「おはようございます」
真剣に絵を描く背中に声をかけるのは少し迷ったけど、なんとなく良いタイミングで挨拶をした。
「あっ澪ちゃん!おはよう、ほんとに来てくれたんだね」
まあ、行かない理由はなかったし暇だったし。
「澪ちゃん今夏休み?」
そうです、と答えると、瀬田さんは俺もーと爽やかに笑った。

「よし、じゃあ写真見せてもらおうかな」
私はカメラを写真フォルダを開いて瀬田さんに渡した。前のSDカードも一応持って来たけど、それは渡さなかった。

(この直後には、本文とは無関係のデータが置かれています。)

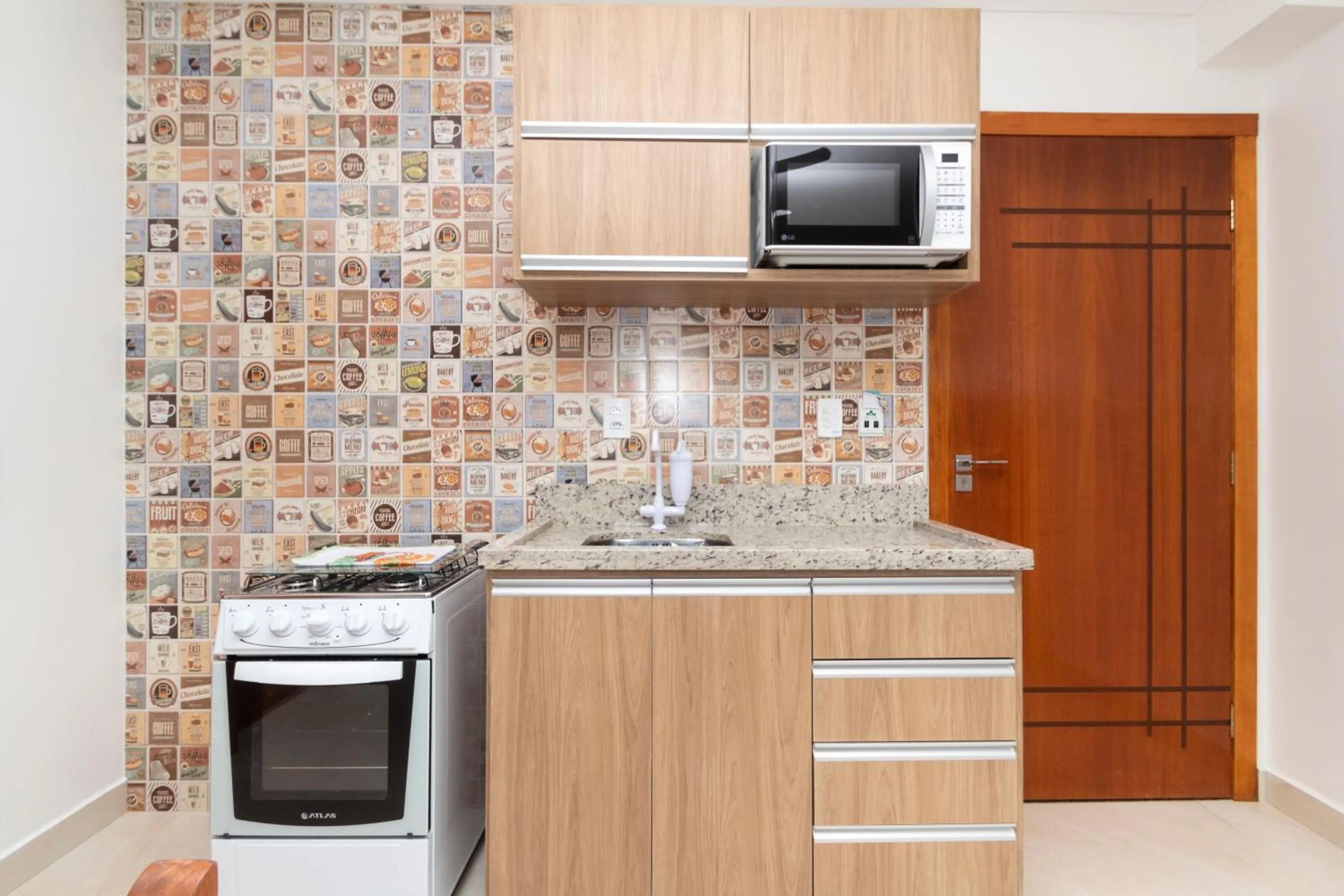 Communal kitchen in Apart Hotel Canto Grande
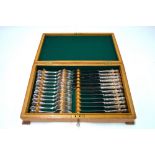 An oak-cased set of twelve epns kings pattern dessert forks to/w with six each table knives and tea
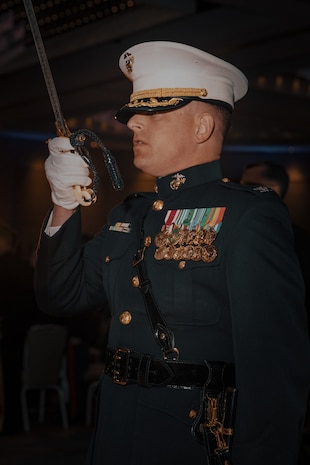 U.S. Marine Corps Col. Seth Dewey, an assistant chief of staff with Headquarters and Service Battalion, Marine Corps Recruit Depot San Diego, participates in a sword detail during a birthday ball ceremony in San Diego, California, Nov. 8, 2024. A celebration of the 249th Marine Corps birthday was held to reflect on the traditions, history and legacy of the Marine Corps. (U.S. Marine Corps photo by Lance Cpl. Janell B. Alvarez)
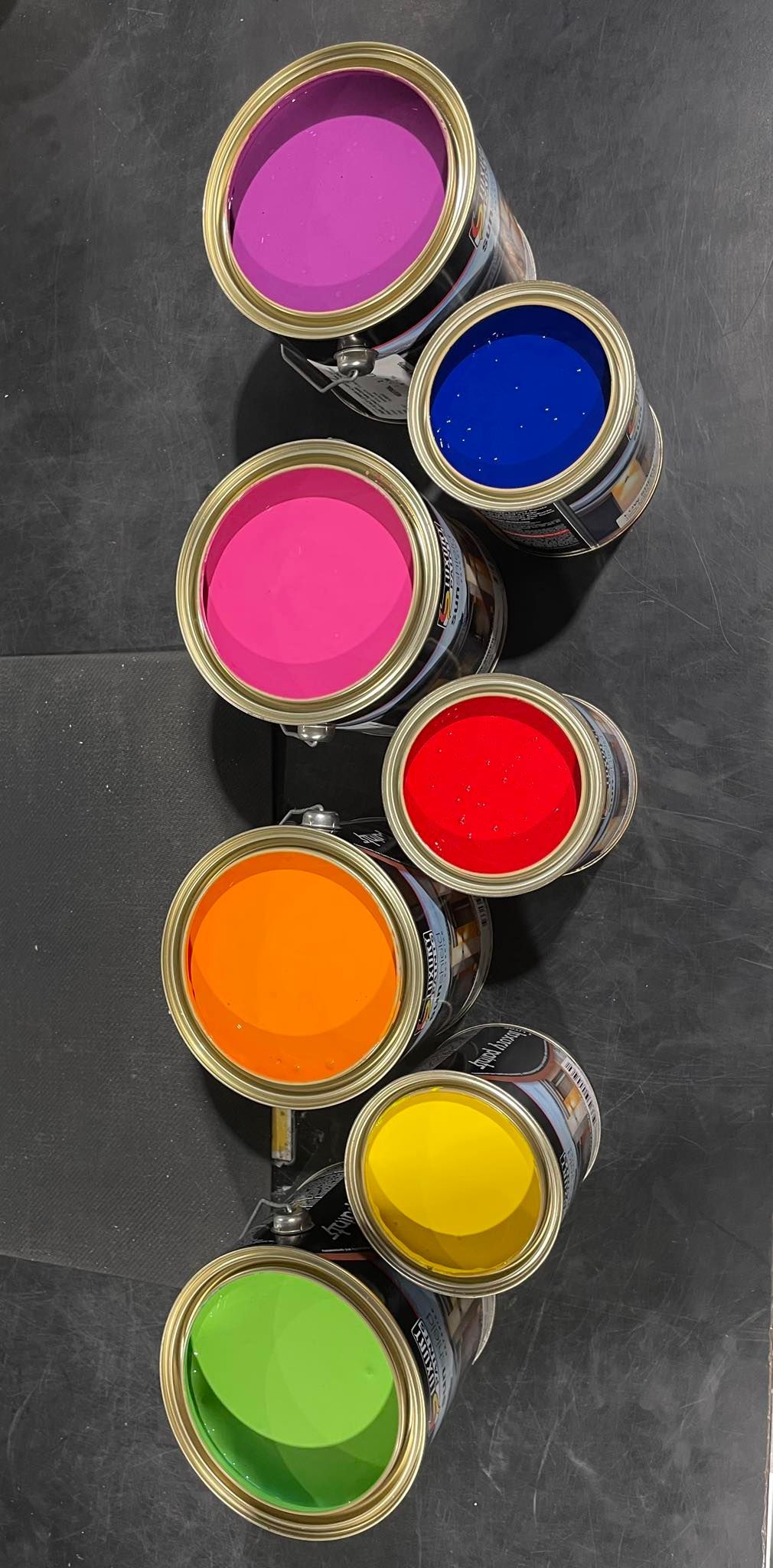Five Open Paint Cans Showing Purple, Blue, Pink, Red, Orange, Yellow, and Green Paint — Paint Place Cowra in Bathurst, NSW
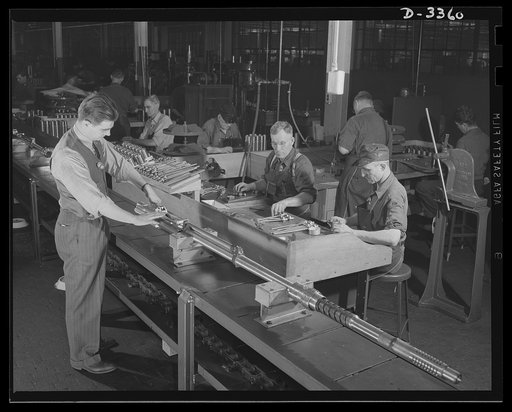 Twenty-millimeter machine guns for planes. An assembly line in a converted auto plant, now turning out machine guns for the Air Corps, comes through with plenty of these important tools of war. And the tide of American productive power is still far from being reached. Oldsmobile, Lansing, Michigan
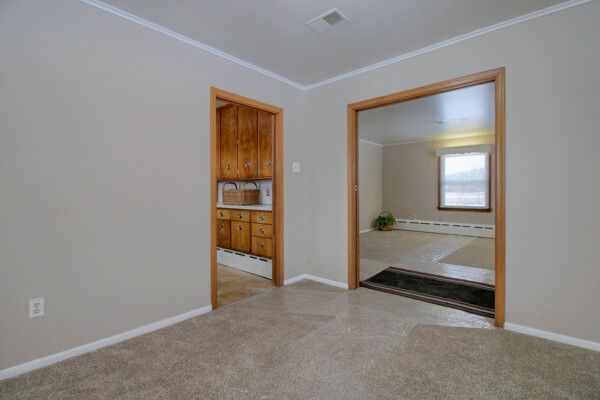 spare room with ornamental molding and a baseboard heating unit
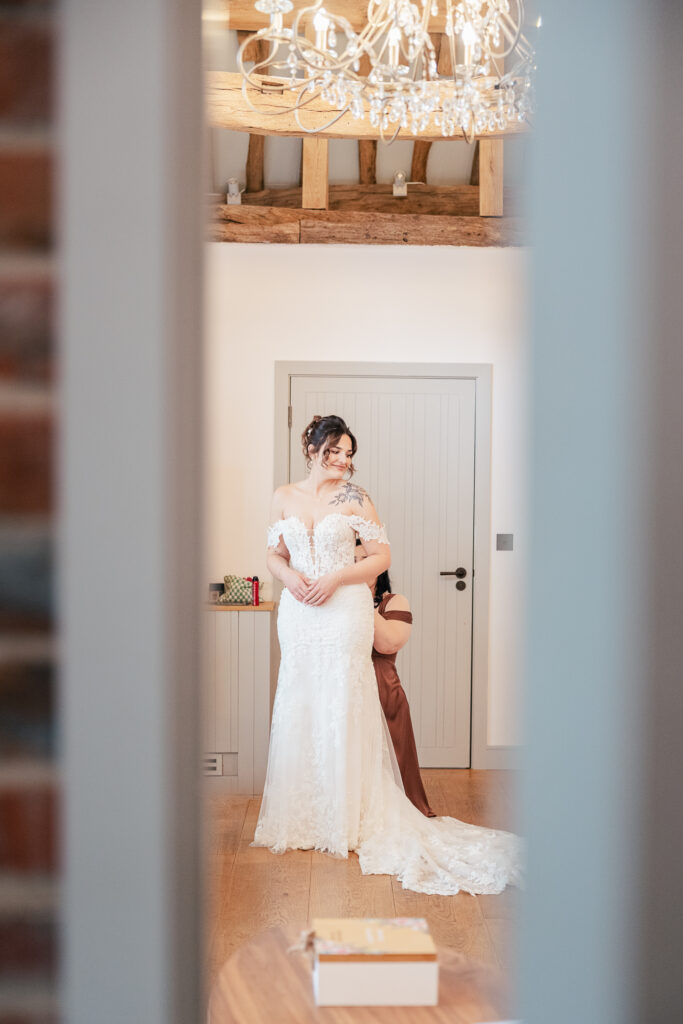 A bride in a white off-shoulder gown smiles as another woman helps adjust her dress, seen through a doorway. A chandelier hangs above, and a box sits on the wooden floor in the foreground.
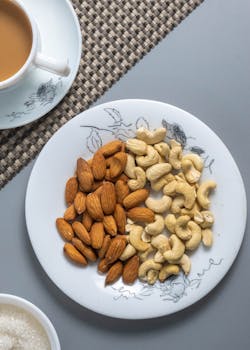 Flat lay of almonds and cashews on a decorative plate with coffee.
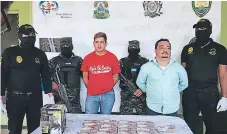  ??  ?? DETENIDOS. Walter Alejandro Mejía y Edwin Romero.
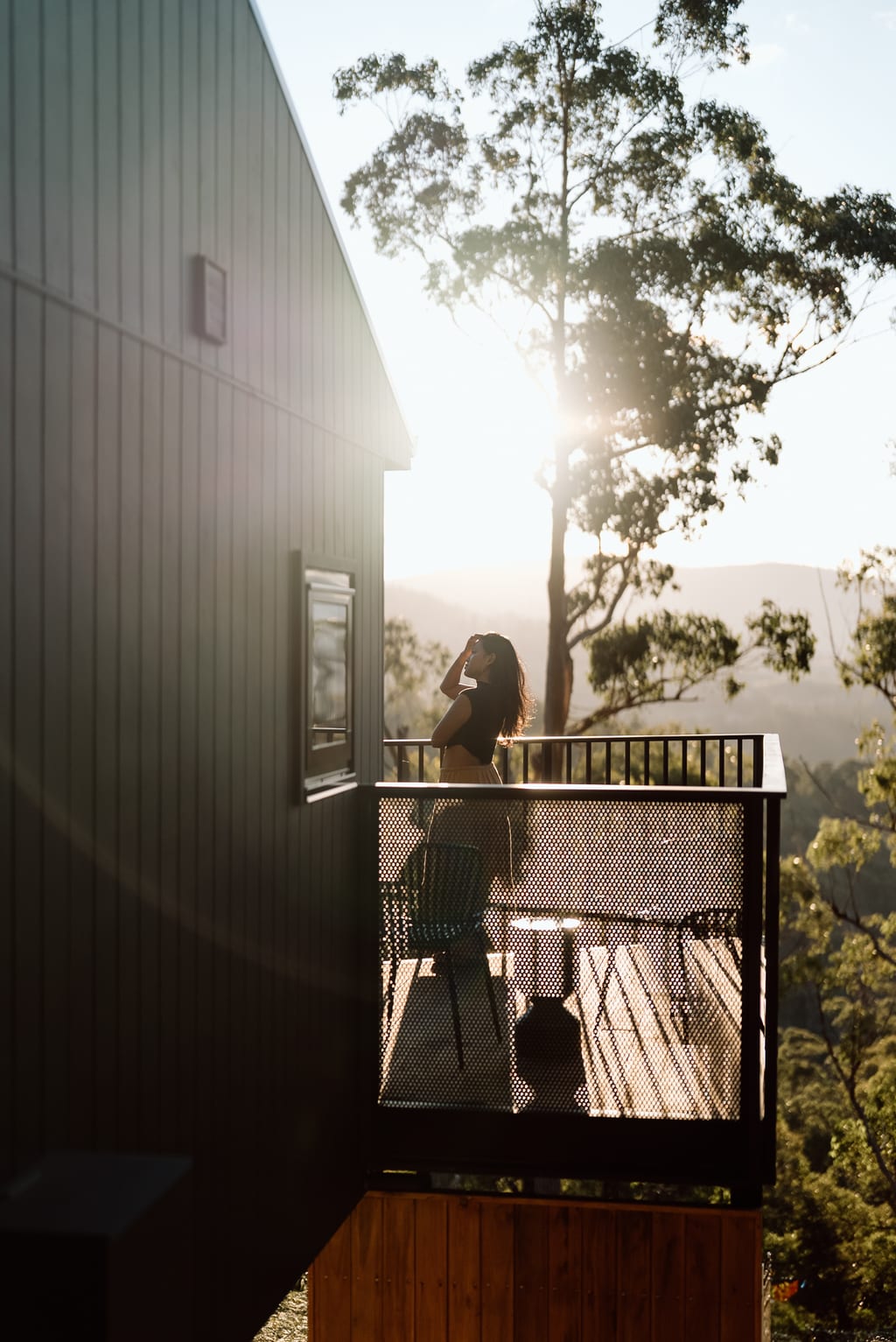 A woman standing on the timber deck of a Hunter cabin, looking out over the Huon Valley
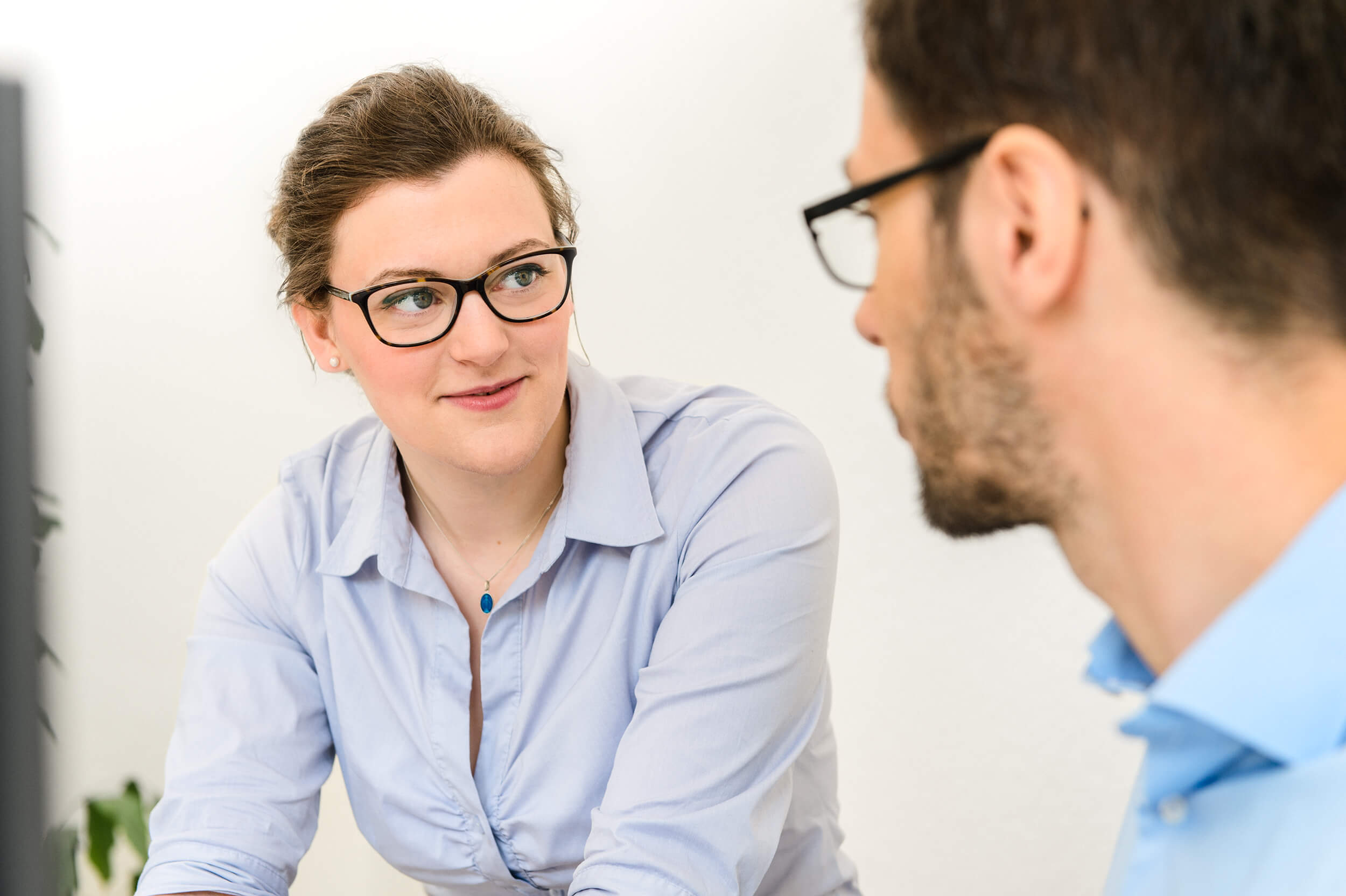 Two professionals in a face-to-face conversation, woman with glasses listening attentively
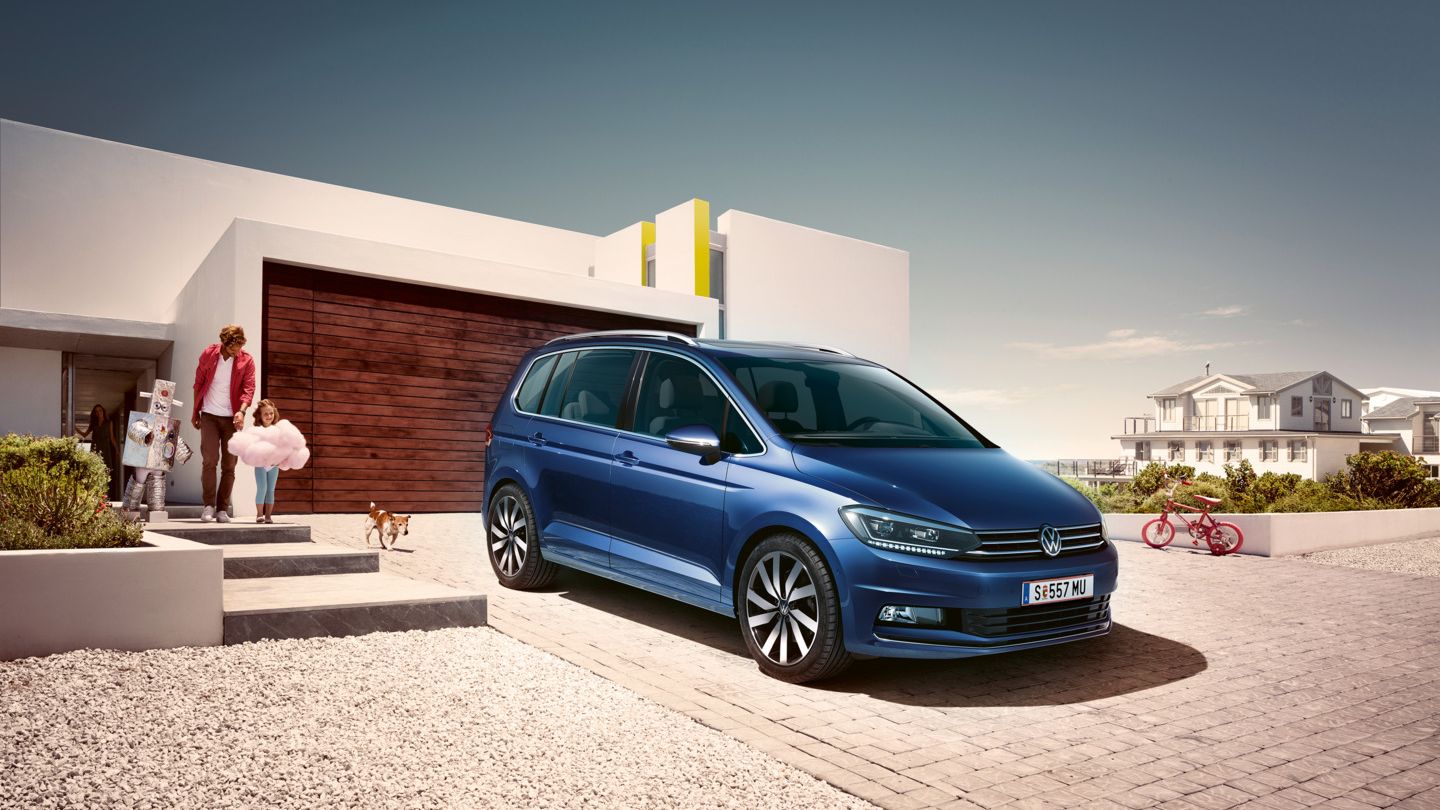 Ein blauer VW Touran geparkt vor Einfamilienhaus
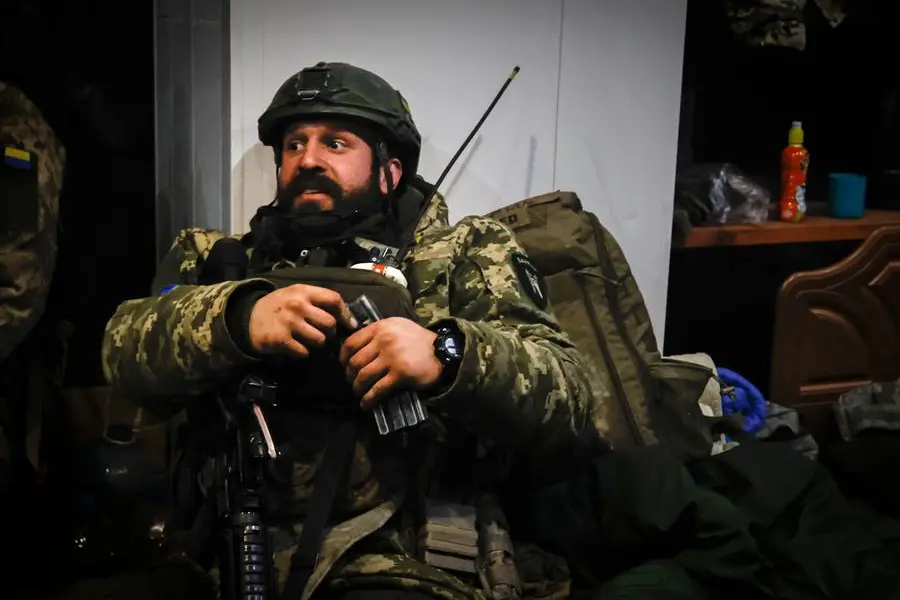 A Ukrainian officer sits in a shelter in Soledar, the site of heavy battles with Russian forces in the Donetsk region, Ukraine, Sunday, Jan. 8, 2023. (AP Photo/Roman Chop)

勝手に見ていいの?という質問に、はい、と答えると、瀬田さんは一枚一枚じっくり写真を見ていった。

「なんか、なんだろ…ほんとまじで綺麗。語彙力なくて綺麗って言葉しか出てこないんだけど、すごい心が浄化される気がする」
綺麗な写真を見ると心が綺麗になる気がするのはすごくわかる。芸術は人の心を動かす。
でも、自分の写真が対象になると腑に落ちない。
「これ入選したやつだよね。うつってるのこの前来てた妹さん?」
海がランドセルを背負ってはしゃいでいる。始業式の帰りにお母さんと海がお花見に行くと言うので私もついて行った時に撮った。
はい、と言うと、かわいいと瀬川さんはつぶやいた。
「写真家さんみたいだね」
反応に困って少し首を振ると、ふふと瀬川さんが笑った。